New research commissioned by Delinea looks at the tension between the pace of AI adoption, and how prepared organizations are to handle it.

Entitled “Uncovering the Hidden Risks of the AI Race,” the report says 90 percent of organizations pressure security teams to loosen identity controls in the interest of putting AI agents to work. The thinking is that “organizations can’t afford to let security friction hang up agentic AI deployments.”

In other words, industries across the board are suffering from a severe case of FOMO, fueled by AI evangelism that has positioned it as a necessity without question. Yet significant gaps in AI identity discovery, monitoring, and privilege control can leave organizations exposed as they try and stay abreast of the hype.
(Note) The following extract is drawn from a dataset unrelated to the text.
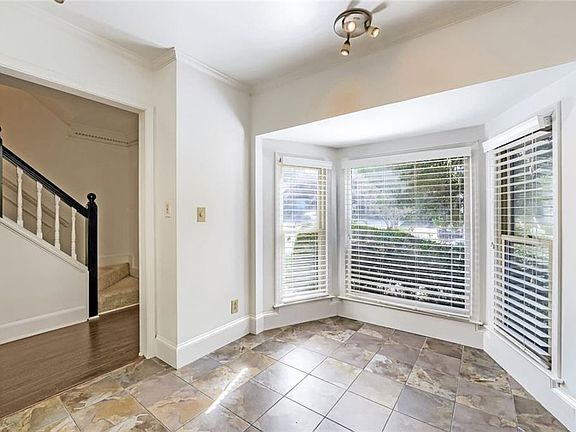 4th image of 410 Forestgate Ct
‘We’ve got this,’ say teams who do not

Despite the threat, businesses tend to think they’re fine: “many organizations remain confident in their readiness for AI adoption, highlighting a disconnect between perceived and actual security maturity.” Delinea calls this “the security confidence paradox.”

Clearly, there is a need to align expectations with reality. The study “indicates that identity security must evolve alongside AI adoption. Leaders must modernize the way they discover and protect access and identity relationships in the AI era so they can innovate quickly without abandoning identity governance in the process.”

The message carries a whiff of having a cake and eating it, too. Pressure to operationalize AI is unlikely to subside soon, and the risks will grow, especially as AI agents are granted more and more control. “Organizations are knowingly trading identity control for operational velocity. There is strong pressure to loosen privileged access requirements to enable automation. Standing access is routinely granted under operational urgency. When security introduces friction, speed frequently wins.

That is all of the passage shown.